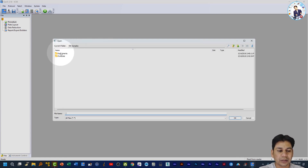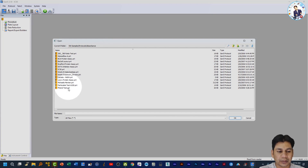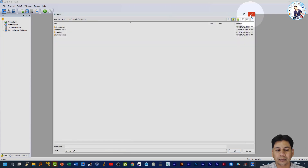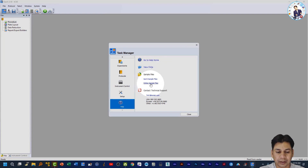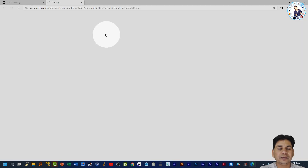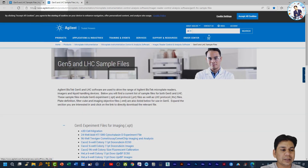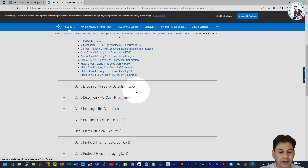From the Task Manager you can get the sample files saved in your system for both experiment and protocol. If you click on Protocol, you can see there are many protocol files present for Absorbance and also for Fluorescence. These protocols are also available online — if you click on 'Online Sample File,' it will open a direct link where you can get experiment and protocol sample files from agilent.com.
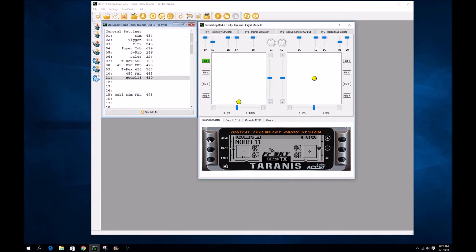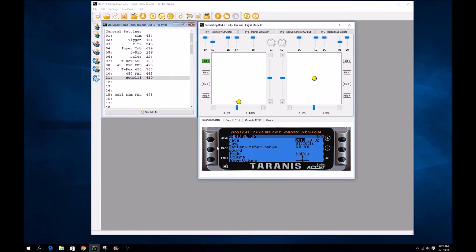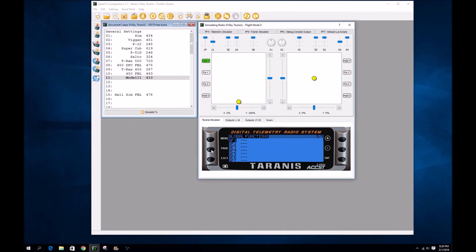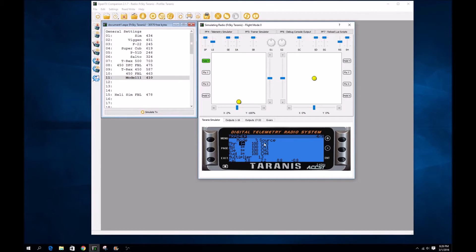To get into that setting screen, long press the menu. It'll get you into the radio setup. Page, page, page into the trainer functions and you can see I set the throttle up.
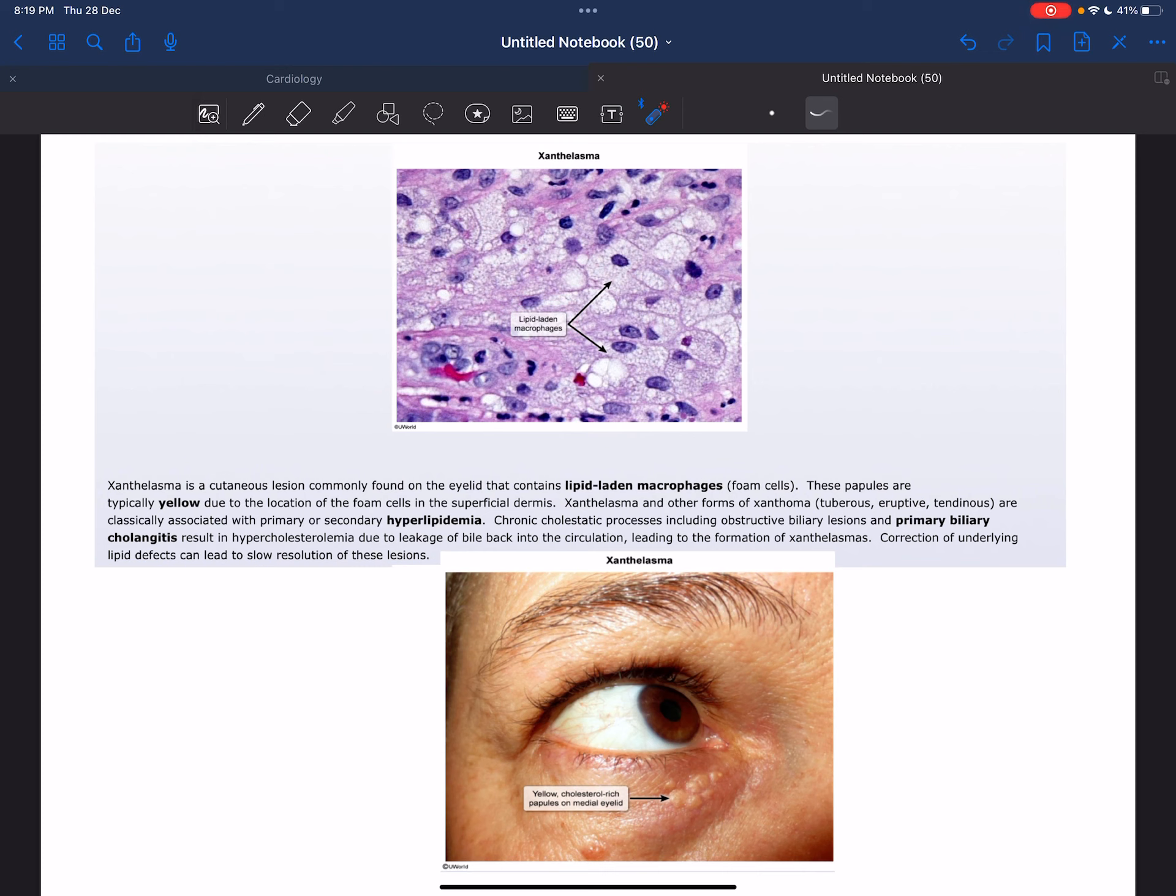Xanthelasma may occur in association with primary or secondary hyperlipidemia. Cholestatic conditions such as primary biliary cholangitis are a potential cause of hypercholesterolemia leading to xanthelasma.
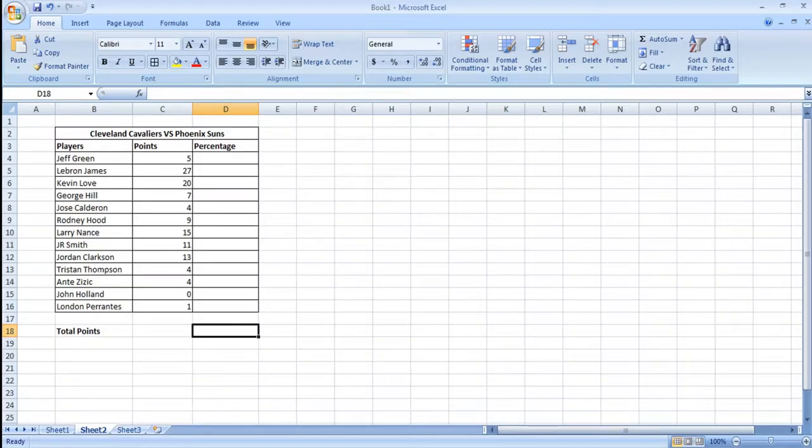Hello everyone and welcome to our channel. Today we're going to learn how to calculate percentages in Microsoft Office Excel.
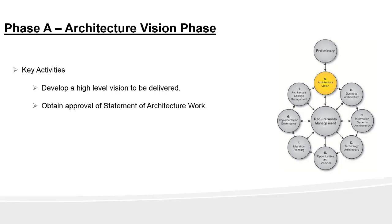So what is statement of architecture work? It is an artifact which contains information like scope of work, resources, roadmap, communication plans and KPIs. You can consider architecture work as a project that has budget, scope, resources allocated and KPIs to measure its success.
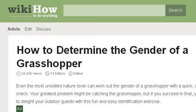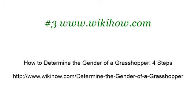If you don't find useful information on the previous sites, see www.wikihow.com, the web page How to Determine the Gender of a Grasshopper, 4 Steps. Here's the link. Thank you.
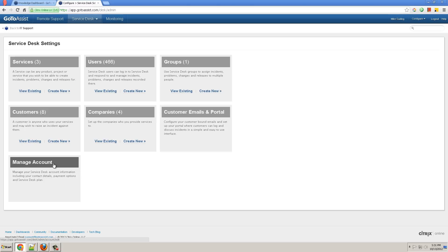You might create different services if you have different settings for SLA or different approver permissions or default assignments for incidents. You might want to have separate services for different customers or if you want to separate employees and customers or have separate services for facilities and IT. That's it. Thanks for watching.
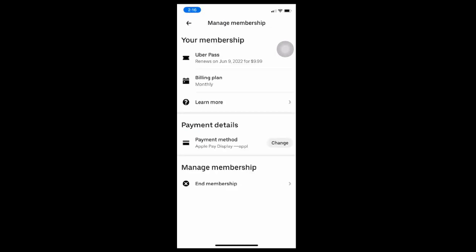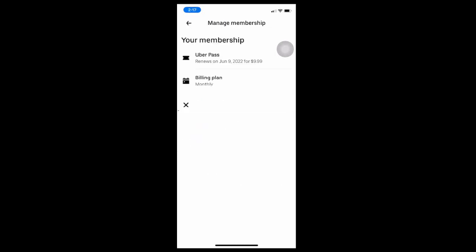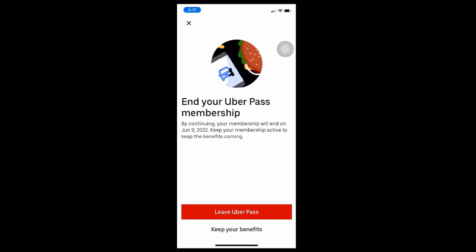At the bottom, you could select End Membership. Then if you have decided to cancel the membership, select Leave Uber Pass.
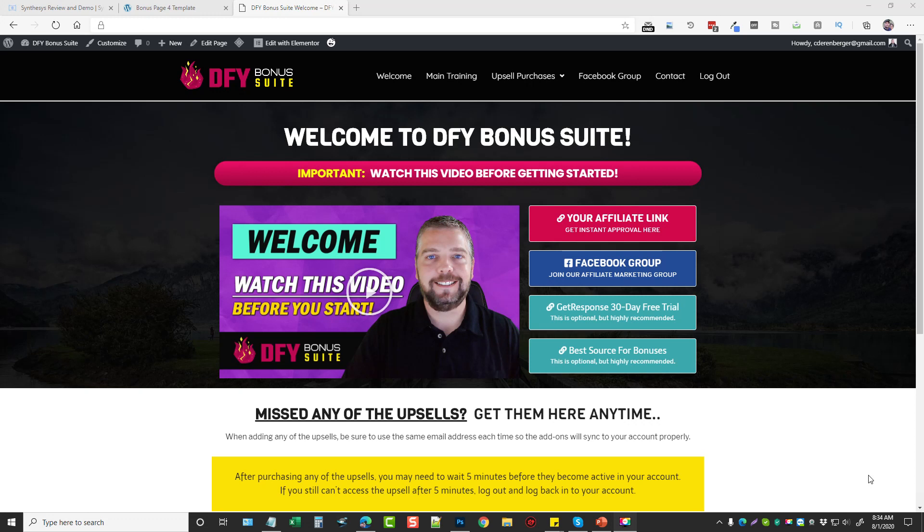Hey this is Chris with vidsociety.com and today I want to tell you about my product that's launching on Monday, August the 3rd at 9 a.m. called DFY Bonus Suite.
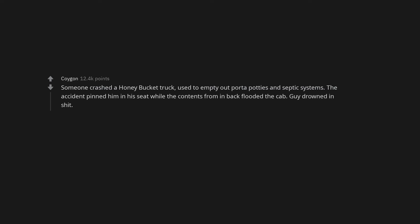What is the worst death you have ever heard of or seen? Someone crashed a honey bucket truck, used to empty out porta-potties and septic systems. The accident pinned him in his seat while the contents from in back flooded the cab. Guy drowned in shit.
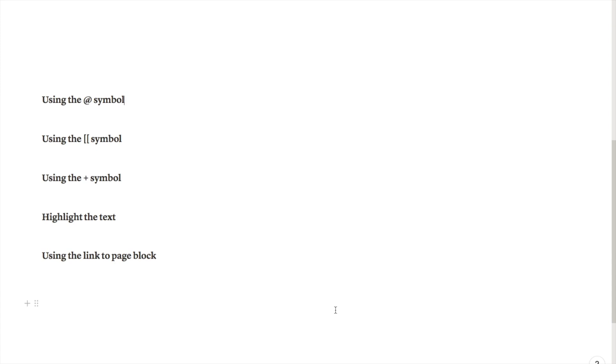In this video I'm going to be showing you how you can link to a page in Notion. There are actually many different ways that you can link to pages, so I'm just going to run through each of them now.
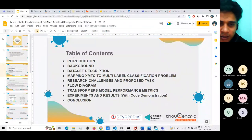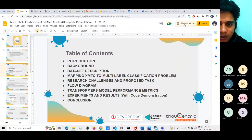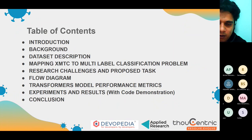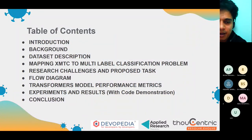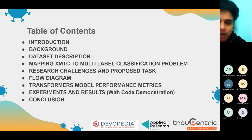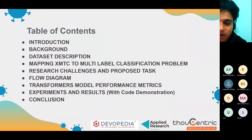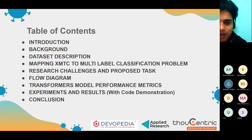The table of contents for this talk covers: introduction, background, dataset description, how to map the BioASQ problem into a multi-label classification problem, the challenges I faced, the flow diagram, the transformer model and performance, and then the experiments and results with code demonstration, followed by the conclusion.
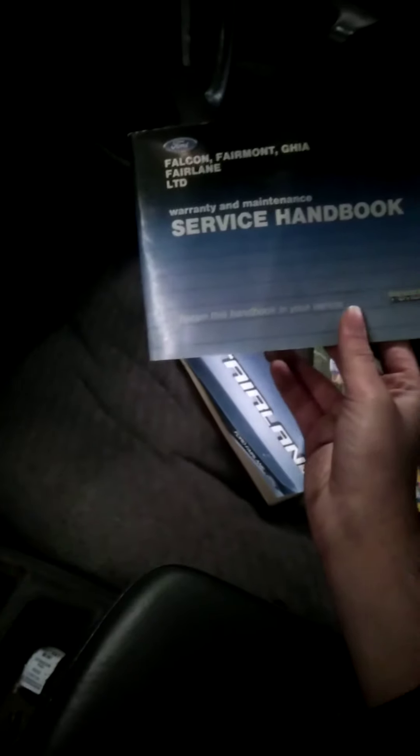I don't know what that is. I think it's just stained. Fairlane owner's manual. Ford service handbook. Falcon, Fairmont gear, and Fairlane and LTD. Haven't seen an LTD in ages.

=-=-=

* **TASK DESCRIPTION**
Given the listing above, repeat exactly the lines starting at the one with "Xanthelasma may occur" and ending at the one with "Hello everyone and", inclusive, excluding pictures.

* **TASK RESPONSE**
Xanthelasma may occur in association with primary or secondary hyperlipidemia. Cholestatic conditions such as primary biliary cholangitis are a potential cause of hypercholesterolemia leading to xanthelasma.
Hello everyone and welcome to our channel. Today we're going to learn how to calculate percentages in Microsoft Office Excel.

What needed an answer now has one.